Information supplied »
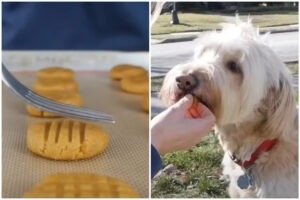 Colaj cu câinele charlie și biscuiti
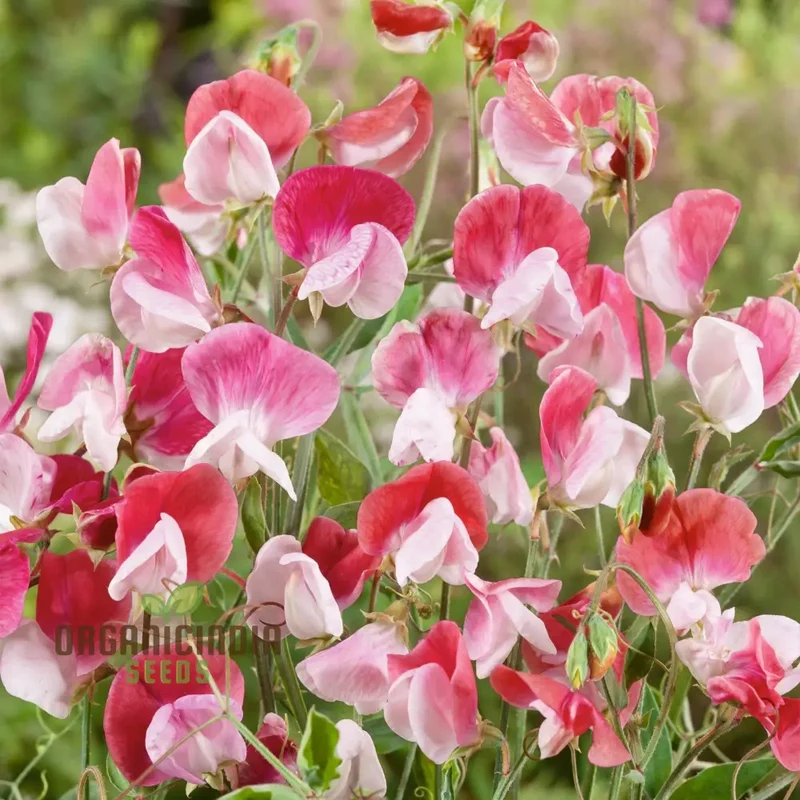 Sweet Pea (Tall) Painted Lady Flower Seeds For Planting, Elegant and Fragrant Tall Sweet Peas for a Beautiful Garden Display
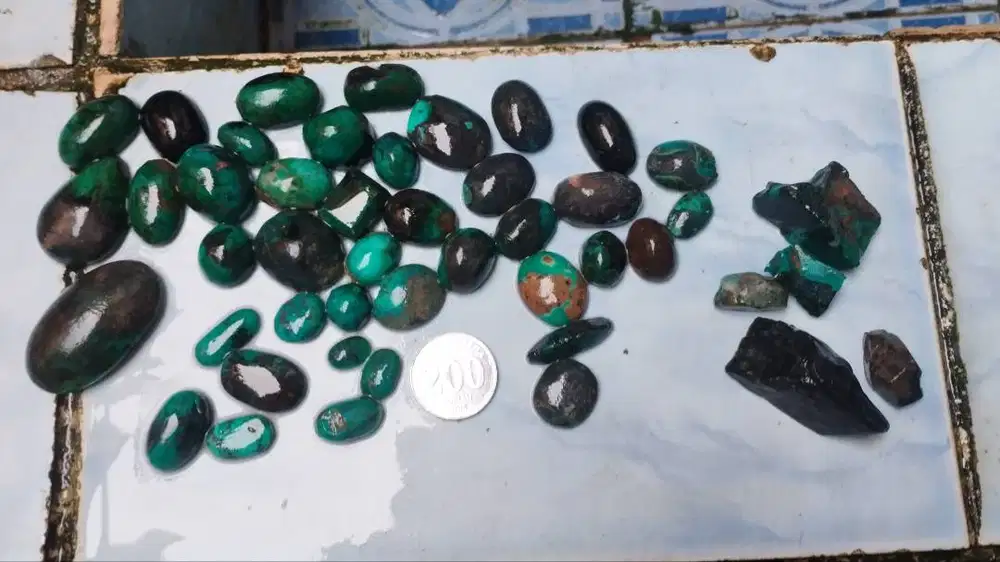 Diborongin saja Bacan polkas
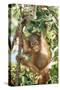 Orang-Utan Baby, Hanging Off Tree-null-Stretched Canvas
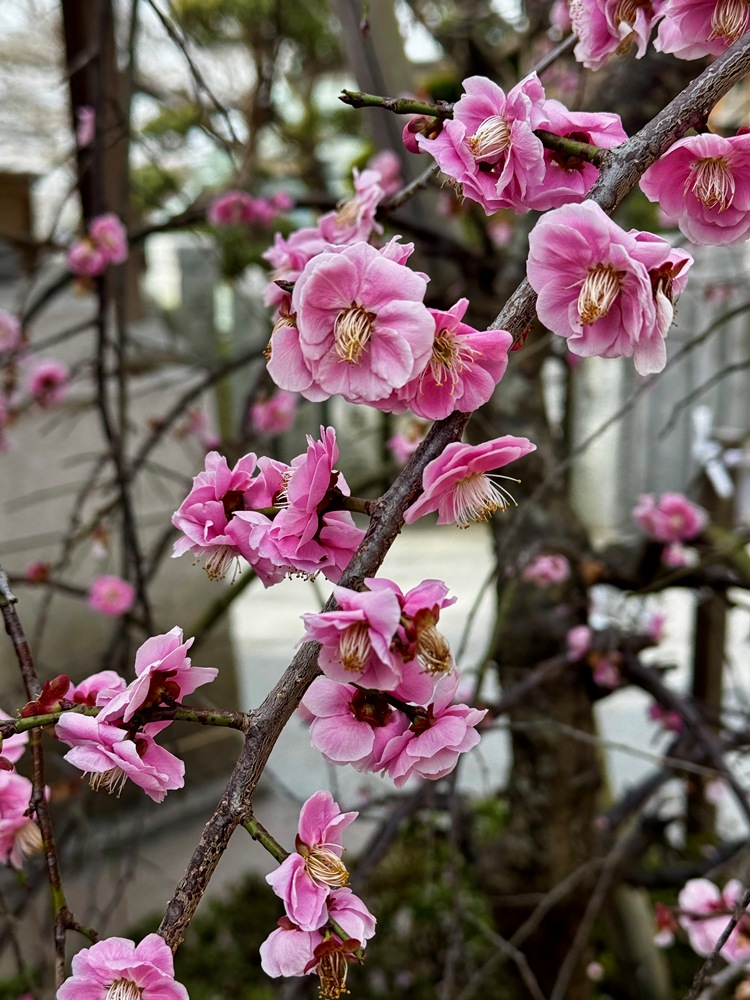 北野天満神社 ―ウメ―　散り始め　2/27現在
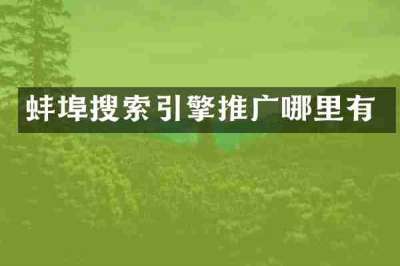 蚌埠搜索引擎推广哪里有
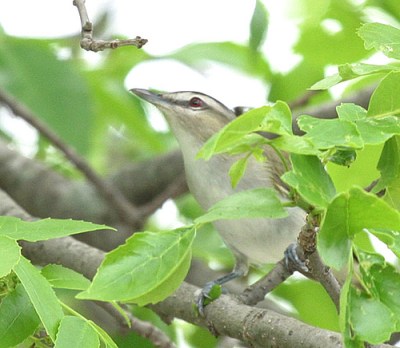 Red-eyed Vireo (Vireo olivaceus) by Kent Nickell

What is required »
With pictures excluded, restate word for word the lines from the one that contains "Diborongin saja Bacan polkas" through the end of the material, inclusive, and nothing more.

Written response »
 Diborongin saja Bacan polkas
 Orang-Utan Baby, Hanging Off Tree-null-Stretched Canvas
 北野天満神社 ―ウメ―　散り始め　2/27現在
 蚌埠搜索引擎推广哪里有
 Red-eyed Vireo (Vireo olivaceus) by Kent Nickell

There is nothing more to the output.